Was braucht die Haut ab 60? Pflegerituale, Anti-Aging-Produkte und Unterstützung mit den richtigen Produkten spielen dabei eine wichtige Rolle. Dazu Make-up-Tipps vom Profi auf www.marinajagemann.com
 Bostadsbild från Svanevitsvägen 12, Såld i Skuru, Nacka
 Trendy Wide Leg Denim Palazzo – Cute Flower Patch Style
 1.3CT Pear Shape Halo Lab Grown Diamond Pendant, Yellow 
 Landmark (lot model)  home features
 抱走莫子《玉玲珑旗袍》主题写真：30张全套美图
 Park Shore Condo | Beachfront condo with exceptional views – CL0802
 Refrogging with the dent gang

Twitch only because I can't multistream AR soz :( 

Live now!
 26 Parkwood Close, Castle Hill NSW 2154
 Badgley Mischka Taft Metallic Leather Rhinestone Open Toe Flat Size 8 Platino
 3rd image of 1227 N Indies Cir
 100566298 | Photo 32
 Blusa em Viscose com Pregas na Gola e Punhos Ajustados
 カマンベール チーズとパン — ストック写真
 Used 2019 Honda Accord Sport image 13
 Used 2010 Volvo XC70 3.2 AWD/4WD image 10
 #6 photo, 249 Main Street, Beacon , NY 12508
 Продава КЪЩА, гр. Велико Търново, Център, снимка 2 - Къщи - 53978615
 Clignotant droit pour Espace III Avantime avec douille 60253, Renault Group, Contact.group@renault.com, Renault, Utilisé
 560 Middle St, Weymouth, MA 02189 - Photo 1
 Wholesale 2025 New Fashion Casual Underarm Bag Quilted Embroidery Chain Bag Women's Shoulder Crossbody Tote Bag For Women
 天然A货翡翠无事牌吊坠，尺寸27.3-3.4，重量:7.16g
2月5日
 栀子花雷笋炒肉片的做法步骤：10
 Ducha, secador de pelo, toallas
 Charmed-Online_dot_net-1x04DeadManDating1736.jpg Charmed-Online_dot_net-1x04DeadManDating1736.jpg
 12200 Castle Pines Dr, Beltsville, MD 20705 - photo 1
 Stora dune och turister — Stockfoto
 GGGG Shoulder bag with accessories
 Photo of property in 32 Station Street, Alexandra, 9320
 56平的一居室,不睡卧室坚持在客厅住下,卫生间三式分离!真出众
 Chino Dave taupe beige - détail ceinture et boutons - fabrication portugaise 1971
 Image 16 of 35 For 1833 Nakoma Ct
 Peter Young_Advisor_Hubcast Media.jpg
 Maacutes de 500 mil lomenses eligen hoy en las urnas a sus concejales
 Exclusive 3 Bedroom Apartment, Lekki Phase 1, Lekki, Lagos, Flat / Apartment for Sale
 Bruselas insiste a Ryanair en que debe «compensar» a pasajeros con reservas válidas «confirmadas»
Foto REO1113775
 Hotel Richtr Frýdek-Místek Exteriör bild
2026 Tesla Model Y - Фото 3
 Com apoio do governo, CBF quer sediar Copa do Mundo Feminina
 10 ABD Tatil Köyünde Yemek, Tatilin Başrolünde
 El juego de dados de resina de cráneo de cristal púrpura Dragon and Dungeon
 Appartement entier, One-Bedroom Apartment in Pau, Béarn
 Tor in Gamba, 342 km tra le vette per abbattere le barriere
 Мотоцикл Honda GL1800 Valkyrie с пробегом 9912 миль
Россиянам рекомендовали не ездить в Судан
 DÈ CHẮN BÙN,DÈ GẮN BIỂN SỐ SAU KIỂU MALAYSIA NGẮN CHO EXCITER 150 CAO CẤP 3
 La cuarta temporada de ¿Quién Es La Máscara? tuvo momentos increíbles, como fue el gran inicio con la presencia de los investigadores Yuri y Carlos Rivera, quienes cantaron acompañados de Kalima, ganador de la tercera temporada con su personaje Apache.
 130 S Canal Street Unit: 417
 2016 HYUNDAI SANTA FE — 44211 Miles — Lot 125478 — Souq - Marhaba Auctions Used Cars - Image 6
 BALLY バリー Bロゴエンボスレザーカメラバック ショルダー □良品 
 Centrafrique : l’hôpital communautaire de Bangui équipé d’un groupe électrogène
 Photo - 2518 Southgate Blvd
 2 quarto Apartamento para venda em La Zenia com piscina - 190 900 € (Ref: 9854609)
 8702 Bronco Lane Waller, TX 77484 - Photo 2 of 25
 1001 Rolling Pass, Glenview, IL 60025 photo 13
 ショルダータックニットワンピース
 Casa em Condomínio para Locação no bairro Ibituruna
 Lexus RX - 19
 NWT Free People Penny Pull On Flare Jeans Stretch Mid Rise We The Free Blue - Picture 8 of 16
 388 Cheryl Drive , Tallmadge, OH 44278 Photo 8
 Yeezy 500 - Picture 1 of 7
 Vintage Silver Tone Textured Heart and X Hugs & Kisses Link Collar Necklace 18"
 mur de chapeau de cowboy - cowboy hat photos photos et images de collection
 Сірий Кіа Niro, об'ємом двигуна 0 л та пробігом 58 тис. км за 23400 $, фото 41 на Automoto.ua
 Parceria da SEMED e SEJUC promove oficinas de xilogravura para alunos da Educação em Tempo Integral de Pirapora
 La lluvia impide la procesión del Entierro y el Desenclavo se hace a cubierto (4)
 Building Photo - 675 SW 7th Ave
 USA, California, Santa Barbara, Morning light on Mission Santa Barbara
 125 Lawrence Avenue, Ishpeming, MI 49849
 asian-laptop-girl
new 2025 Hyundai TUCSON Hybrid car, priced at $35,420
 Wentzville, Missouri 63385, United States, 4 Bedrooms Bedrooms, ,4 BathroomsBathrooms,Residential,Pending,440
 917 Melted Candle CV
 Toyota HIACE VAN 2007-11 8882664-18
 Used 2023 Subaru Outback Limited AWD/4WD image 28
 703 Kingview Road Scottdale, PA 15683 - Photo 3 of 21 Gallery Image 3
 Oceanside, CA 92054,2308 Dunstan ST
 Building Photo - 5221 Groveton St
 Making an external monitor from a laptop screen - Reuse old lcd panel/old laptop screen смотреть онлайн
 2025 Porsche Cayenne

—————

Instructions to follow:
Retype all of the lines shown above, keeping each one exact.

Response to this exercise:
Was braucht die Haut ab 60? Pflegerituale, Anti-Aging-Produkte und Unterstützung mit den richtigen Produkten spielen dabei eine wichtige Rolle. Dazu Make-up-Tipps vom Profi auf www.marinajagemann.com
 Bostadsbild från Svanevitsvägen 12, Såld i Skuru, Nacka
 Trendy Wide Leg Denim Palazzo – Cute Flower Patch Style
 1.3CT Pear Shape Halo Lab Grown Diamond Pendant, Yellow 
 Landmark (lot model)  home features
 抱走莫子《玉玲珑旗袍》主题写真：30张全套美图
 Park Shore Condo | Beachfront condo with exceptional views – CL0802
 Refrogging with the dent gang

Twitch only because I can't multistream AR soz :( 

Live now!
 26 Parkwood Close, Castle Hill NSW 2154
 Badgley Mischka Taft Metallic Leather Rhinestone Open Toe Flat Size 8 Platino
 3rd image of 1227 N Indies Cir
 100566298 | Photo 32
 Blusa em Viscose com Pregas na Gola e Punhos Ajustados
 カマンベール チーズとパン — ストック写真
 Used 2019 Honda Accord Sport image 13
 Used 2010 Volvo XC70 3.2 AWD/4WD image 10
 #6 photo, 249 Main Street, Beacon , NY 12508
 Продава КЪЩА, гр. Велико Търново, Център, снимка 2 - Къщи - 53978615
 Clignotant droit pour Espace III Avantime avec douille 60253, Renault Group, Contact.group@renault.com, Renault, Utilisé
 560 Middle St, Weymouth, MA 02189 - Photo 1
 Wholesale 2025 New Fashion Casual Underarm Bag Quilted Embroidery Chain Bag Women's Shoulder Crossbody Tote Bag For Women
 天然A货翡翠无事牌吊坠，尺寸27.3-3.4，重量:7.16g
2月5日
 栀子花雷笋炒肉片的做法步骤：10
 Ducha, secador de pelo, toallas
 Charmed-Online_dot_net-1x04DeadManDating1736.jpg Charmed-Online_dot_net-1x04DeadManDating1736.jpg
 12200 Castle Pines Dr, Beltsville, MD 20705 - photo 1
 Stora dune och turister — Stockfoto
 GGGG Shoulder bag with accessories
 Photo of property in 32 Station Street, Alexandra, 9320
 56平的一居室,不睡卧室坚持在客厅住下,卫生间三式分离!真出众
 Chino Dave taupe beige - détail ceinture et boutons - fabrication portugaise 1971
 Image 16 of 35 For 1833 Nakoma Ct
 Peter Young_Advisor_Hubcast Media.jpg
 Maacutes de 500 mil lomenses eligen hoy en las urnas a sus concejales
 Exclusive 3 Bedroom Apartment, Lekki Phase 1, Lekki, Lagos, Flat / Apartment for Sale
 Bruselas insiste a Ryanair en que debe «compensar» a pasajeros con reservas válidas «confirmadas»
Foto REO1113775
 Hotel Richtr Frýdek-Místek Exteriör bild
2026 Tesla Model Y - Фото 3
 Com apoio do governo, CBF quer sediar Copa do Mundo Feminina
 10 ABD Tatil Köyünde Yemek, Tatilin Başrolünde
 El juego de dados de resina de cráneo de cristal púrpura Dragon and Dungeon
 Appartement entier, One-Bedroom Apartment in Pau, Béarn
 Tor in Gamba, 342 km tra le vette per abbattere le barriere
 Мотоцикл Honda GL1800 Valkyrie с пробегом 9912 миль
Россиянам рекомендовали не ездить в Судан
 DÈ CHẮN BÙN,DÈ GẮN BIỂN SỐ SAU KIỂU MALAYSIA NGẮN CHO EXCITER 150 CAO CẤP 3
 La cuarta temporada de ¿Quién Es La Máscara? tuvo momentos increíbles, como fue el gran inicio con la presencia de los investigadores Yuri y Carlos Rivera, quienes cantaron acompañados de Kalima, ganador de la tercera temporada con su personaje Apache.
 130 S Canal Street Unit: 417
 2016 HYUNDAI SANTA FE — 44211 Miles — Lot 125478 — Souq - Marhaba Auctions Used Cars - Image 6
 BALLY バリー Bロゴエンボスレザーカメラバック ショルダー □良品 
 Centrafrique : l’hôpital communautaire de Bangui équipé d’un groupe électrogène
 Photo - 2518 Southgate Blvd
 2 quarto Apartamento para venda em La Zenia com piscina - 190 900 € (Ref: 9854609)
 8702 Bronco Lane Waller, TX 77484 - Photo 2 of 25
 1001 Rolling Pass, Glenview, IL 60025 photo 13
 ショルダータックニットワンピース
 Casa em Condomínio para Locação no bairro Ibituruna
 Lexus RX - 19
 NWT Free People Penny Pull On Flare Jeans Stretch Mid Rise We The Free Blue - Picture 8 of 16
 388 Cheryl Drive , Tallmadge, OH 44278 Photo 8
 Yeezy 500 - Picture 1 of 7
 Vintage Silver Tone Textured Heart and X Hugs & Kisses Link Collar Necklace 18"
 mur de chapeau de cowboy - cowboy hat photos photos et images de collection
 Сірий Кіа Niro, об'ємом двигуна 0 л та пробігом 58 тис. км за 23400 $, фото 41 на Automoto.ua
 Parceria da SEMED e SEJUC promove oficinas de xilogravura para alunos da Educação em Tempo Integral de Pirapora
 La lluvia impide la procesión del Entierro y el Desenclavo se hace a cubierto (4)
 Building Photo - 675 SW 7th Ave
 USA, California, Santa Barbara, Morning light on Mission Santa Barbara
 125 Lawrence Avenue, Ishpeming, MI 49849
 asian-laptop-girl
new 2025 Hyundai TUCSON Hybrid car, priced at $35,420
 Wentzville, Missouri 63385, United States, 4 Bedrooms Bedrooms, ,4 BathroomsBathrooms,Residential,Pending,440
 917 Melted Candle CV
 Toyota HIACE VAN 2007-11 8882664-18
 Used 2023 Subaru Outback Limited AWD/4WD image 28
 703 Kingview Road Scottdale, PA 15683 - Photo 3 of 21 Gallery Image 3
 Oceanside, CA 92054,2308 Dunstan ST
 Building Photo - 5221 Groveton St
 Making an external monitor from a laptop screen - Reuse old lcd panel/old laptop screen смотреть онлайн
 2025 Porsche Cayenne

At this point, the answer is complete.